Approved Fonts and Sizes
APA groups its accepted fonts into two categories. The key detail many people miss is that different fonts require different point sizes to maintain readable, consistent formatting.
Sans serif options:
- 12-point Aptos
- 11-point Calibri
- 11-point Arial
- 10-point Lucida Sans Unicode
Serif options:
- 12-point Times New Roman
- 11-point Georgia
- 10-point Computer Modern (the default font in LaTeX)
Notice that Calibri and Arial are set at 11 points, not 12. Setting Arial at 12 points would make your text slightly larger than intended. Each font was assigned a specific size so they all produce roughly the same visual density on the page. Whichever font you pick, use it consistently throughout your entire paper, from the title page through the references.

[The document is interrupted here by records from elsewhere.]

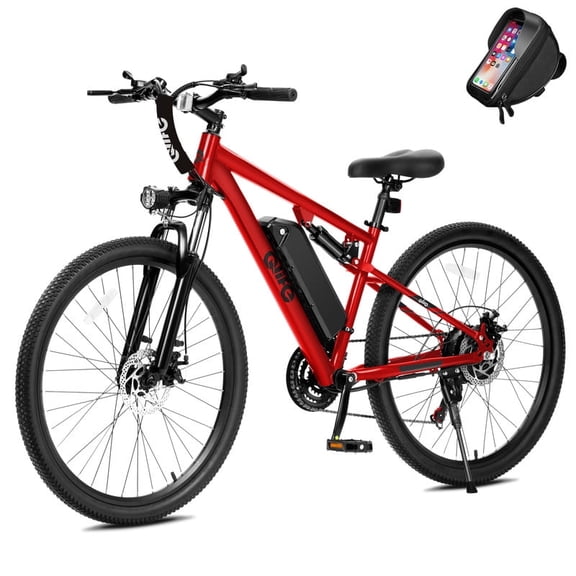 Qlife Electric Bike for Adults - 21-Speed Mountain Lightweight Ebike with Peak 750W 20MPH Brushless Motor, 26X2.1 Full Suspension Tire Step Over E-MTB(Red) with Phone Bag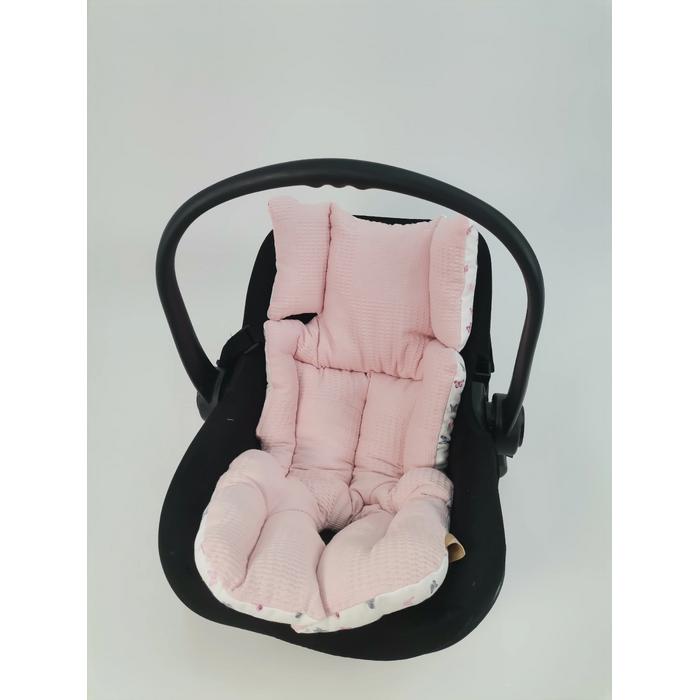 Puset örtüsü pudra pembe waffle pike - pembe gri minik kelebekli müslin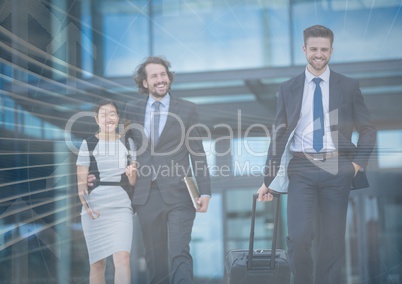 Business people walking with arrow graphic overlay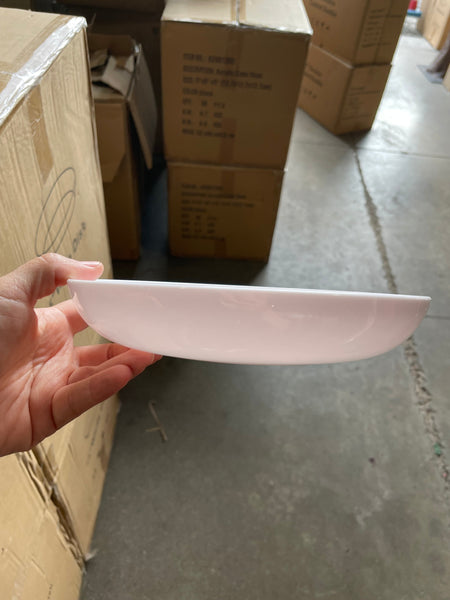 6" WHITE Designer DISH for Fresh Flowers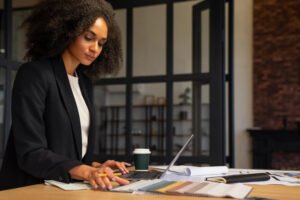 woman sitting in the office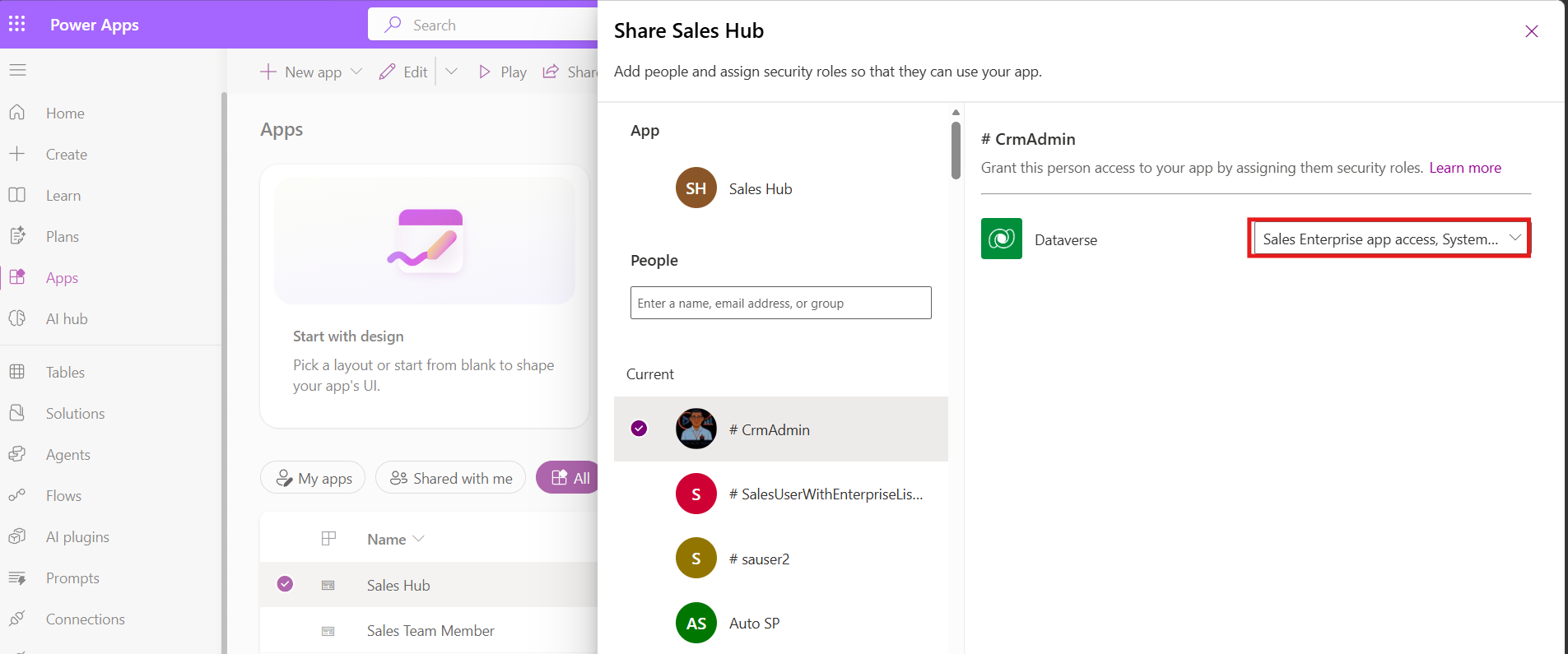 Screenshot of the Power Apps Apps page showing the Share Sales Hub page.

Why Times New Roman Is Still the Default
Many professors and journals still expect 12-point Times New Roman because it was the only accepted font for years under earlier editions of the APA manual. If your instructor or program hasn’t updated their guidelines to reflect the 7th edition, Times New Roman is the safest choice. When submitting to a journal, check the journal’s specific submission guidelines, since some override APA’s general list with their own font requirement.
Fonts Inside Figures and Tables
Text that appears within a figure, such as axis labels on a chart or callouts on a diagram, follows a separate rule. APA requires a sans serif font between 8 and 14 points for any text embedded in figure images. This means even if your body text is in Times New Roman (a serif font), the labels inside your graphs should use a sans serif option like Arial or Calibri. The flexibility in size lets you scale labels to fit smaller or more complex visuals without sacrificing readability.

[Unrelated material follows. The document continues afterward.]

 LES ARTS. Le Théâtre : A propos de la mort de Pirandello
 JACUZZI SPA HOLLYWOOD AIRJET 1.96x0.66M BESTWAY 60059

Table text, including column headers and cell data, should use the same font as the rest of your paper.
Footnotes and Running Heads
For footnotes, APA recommends using whatever default footnote formatting your word processor applies. In most programs, that means 10-point font with single spacing. You don’t need to manually adjust these settings unless your software does something unusual.
The running head, the shortened title that appears at the top of each page alongside the page number, should be in the same font and size as your body text. Your word processor’s header function handles placement automatically.
Picking the Right Font for Your Paper
If you’re writing a class paper, check your syllabus or assignment instructions first. Many instructors specify Times New Roman regardless of what APA technically allows. If no font is specified, any of the seven approved options will satisfy APA formatting rules.
For practical purposes, Calibri at 11 points and Times New Roman at 12 points are the two most widely available choices. Calibri is the default font in recent versions of Microsoft Word, so selecting it saves you a formatting step. Aptos, a newer addition to the approved list, is the default in the latest Microsoft 365 versions. Computer Modern is relevant only if you’re writing in LaTeX, a typesetting system common in math and engineering fields.
Whichever you choose, pair it with double spacing, 1-inch margins on all sides, and a half-inch first-line indent for each paragraph. The font is one piece of a larger formatting picture, and getting it right takes about 30 seconds once you know which option to select.